Workers' Compensation

A Guide to Representing an Applicant with an Uninsured Employers Benefits Trust Fund Case & Joining UEBTF as a Party

By:  Evan S. Kantz, Esq. and George J. Savin Jr., Esq. Savin & Bursk, Granada Hills, CA

California Workers’ Compensation Claims Filed Against Uninsured Employers & the Uninsured Employers Benefits Trust Fund (UEBTF); Handled by Office of the Director Legal Unit (OD Legal) – A Guide to Representing an Applicant with a UEBTF Case & Joinder of the UEBTF as a Party to the Case

Navigating an Applicant’s claim through the California workers’ compensation system when the Employer was uninsured for workers’ compensation at the time of injury can be tricky. The following is a guide with some of the most pertinent steps we utilize when representing an Applicant with a UEBTF workers’ compensation claim/case.

Proper handling of an Applicant’s Uninsured Employers Benefits Trust Fund (UEBTF) claim begins at the time of intake. At the onset we:

  1. Complete an Electronic Adjudication Management System (EAMS) search to determine if the Applicant has any prior workers’ compensation claim(s); it is recommended to search both by Name, Date of Birth, City, and Zip code and also by Social Security Number, if applicable. (This can be useful in all Applicant cases, not only UEBTF cases).

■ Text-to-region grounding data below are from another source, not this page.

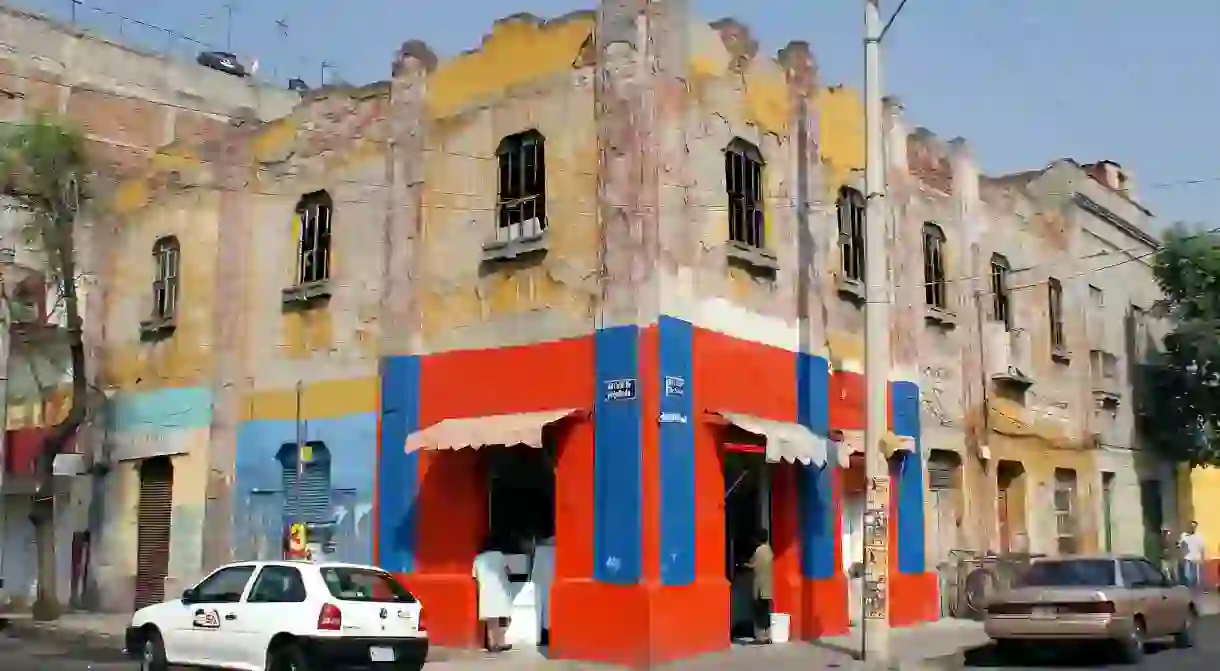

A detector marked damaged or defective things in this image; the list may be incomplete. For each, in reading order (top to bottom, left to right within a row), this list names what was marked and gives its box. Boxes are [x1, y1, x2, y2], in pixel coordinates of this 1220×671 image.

peeling yellow paint [426, 17, 592, 120]
peeling yellow paint [241, 378, 376, 420] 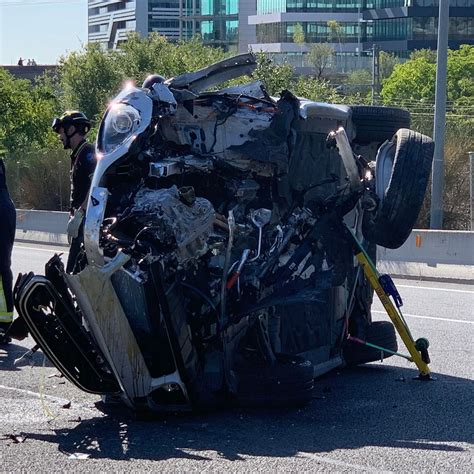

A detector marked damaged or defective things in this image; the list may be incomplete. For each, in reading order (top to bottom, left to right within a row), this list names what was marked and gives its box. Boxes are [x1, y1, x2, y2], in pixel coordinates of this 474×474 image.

damaged tire [352, 106, 412, 144]
damaged tire [362, 128, 434, 250]
overturned vehicle [12, 54, 436, 412]
damaged tire [342, 322, 398, 366]
damaged tire [235, 354, 312, 406]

If you choose to handle workers’ compensation applicant cases, it is very important that you run a search through EAMS to confirm the potential applicant is providing you with truthful information and to make sure that your potential client’s information has not been fraudulently used in the filing of a previous workers’ compensation case.

  1. Establish if the Applicant has met with any other Applicant Attorneys and/or where his/her information regarding the California workers’ compensation system is coming from, if applicable.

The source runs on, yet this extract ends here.